À retenir : ce hash est mon nom de domaine, sauf qu'il n'est loué à personne. Je peux le mettre dans mes posts, mes mails, mes cartes de visite. Quiconque tape ce hash sur le mesh atterrit chez moi.

ÉTAPE 3 — JE BACKUP MON IDENTITÉ

Si je perds ce fichier, je perds mon hash pour toujours. Il n'y a pas de "mot de passe oublié" en cryptographie.
Toujours dans Identities, je clique sur Export all identities (bouton en haut à droite).

Un fichier s'enregistre dans mon dossier Téléchargements. Je le déplace dans un endroit sûr :
→ Une clé USB que je garde chez moi
→ Un disque externe
→ Un coffre-fort papier sur lequel j'ai imprimé la version Base32 (oui, on peut)
Je n'envoie pas ce fichier sur un cloud public. Si quelqu'un d'autre l'a, il peut prétendre être moi sur le mesh.

ÉTAPE 4 — JE ME CONNECTE AU MESH

À ce stade, MeshChat-X tourne mais ne voit personne. Il faut le brancher à des "backbones" des nodes publics qui font le pont avec le reste du réseau.

Dans le menu de gauche, Interfaces. Je clique sur Add Interface (ou équivalent selon ta version).
J'ajoute deux interfaces TCP Client :
Interface 1 : → Type : TCP Client → Name : Bern Backbone → Host : 45.59.114.96 → Port : 7822 → Enabled : oui
Interface 2 : → Type : TCP Client → Name : RNS-VPS Italy → Host : 82.223.44.241 → Port : 4242 → Enabled : oui

Je sauve. MeshChat-X se connecte aux backbones.
Au bout de quelques secondes, dans Nomad Network (menu de gauche), je commence à voir des announces apparaître, d'autres nodes du réseau qui annoncent leur présence. Je suis sur le mesh.

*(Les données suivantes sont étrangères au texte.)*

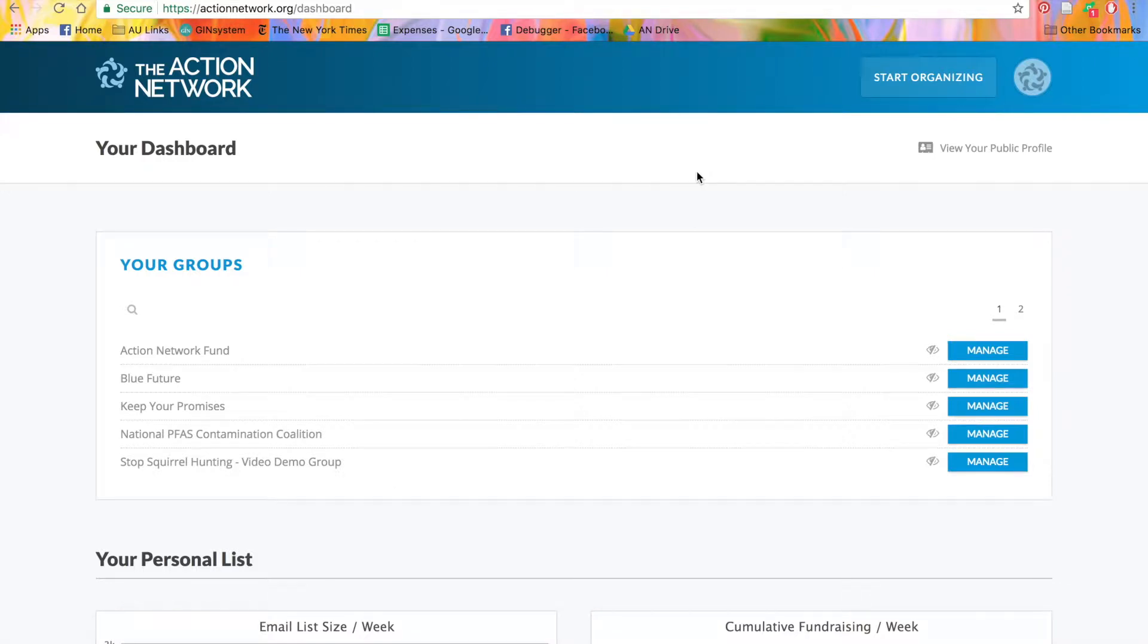Petitions on Action Network express why your issue is important and let you voice your support or opposition to a particular target. You'll use petitions to collect lots of signatures, then deliver those signatures to the target by email or in person.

ÉTAPE 5 — JE TESTE EN VISITANT UN AUTRE NODE

Pour valider que tout fonctionne, je vais visiter un site existant.
Dans Nomad Network, je clique sur la barre d'adresse en haut. Je colle ce hash de test :
abb3ebcd03cb2388a838e70c001291f9:/page/index.mu
C'est le node testnet de Dublin (officiel Reticulum). Si la page se charge, mon installation marche.
Pendant que j'y suis, je peux aussi visiter mon futur voisin :

296254d0159a32d6f876958e2345f846

C'est Praphakan. Un node sur le mesh, exactement comme celui que je vais créer.

ÉTAPE 6 — J'ACTIVE LE MODE NODE

Par défaut, je suis en mode "visiteur". Pour servir mes propres pages, il faut activer le mode "node".
Dans Settings (menu de gauche), je cherche la section Nomad Network ou Node. Je coche :
→ Enable Node : ON
→ Node Name : "TonNom" (ce qui apparaîtra aux visiteurs)
→ Announce at start : ON

Je sauve. MeshChat-X annonce désormais ma présence sur le réseau. Les autres nodes me voient.

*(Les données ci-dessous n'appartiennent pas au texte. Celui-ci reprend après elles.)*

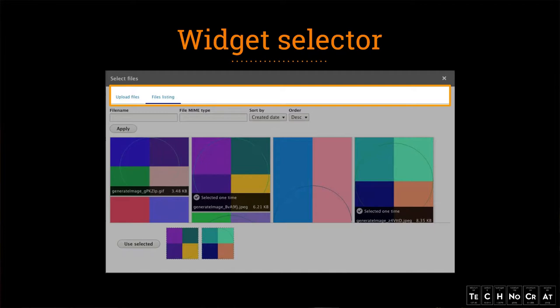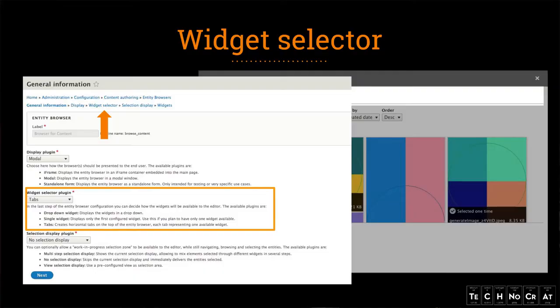The next thing is the widget selector. I had two tabs in the second example — the upload files tab and the files listing tab — but the first example didn't have that. You can choose whether you want tabs or not. You can even choose to use a dropdown instead of tabs, which is better if you have more than ten options. Or you can say you're just using a single widget and don't want tabs at all.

ÉTAPE 7 — JE CRÉE MA PREMIÈRE PAGE

Dans le menu, Tools → Micron Editor (ou un nom similaire).
L'éditeur s'ouvre. À gauche : la zone d'édition. À droite : le live preview qui s'actualise au fur et à mesure que je tape.
Je clique sur New pour démarrer une nouvelle page.
La il faut savoir écrire en Micron ou demander a Claude de le faire.

Je regarde le preview à droite. Si ça me plaît, je sauvegarde et je publie en cliquant sur Publish en haut a droite.

ÉTAPE 8 — JE TESTE MA PAGE

Dans Nomad Network, je colle dans la barre d'adresse :

MON_HASH
(en remplaçant MON_HASH par le hash de mon identité, vu à l'Étape 2)
Ma page se charge
Si quelque chose s'affiche pas correctement, je retourne dans l'éditeur Micron, je corrige, je sauvegarde, je publie.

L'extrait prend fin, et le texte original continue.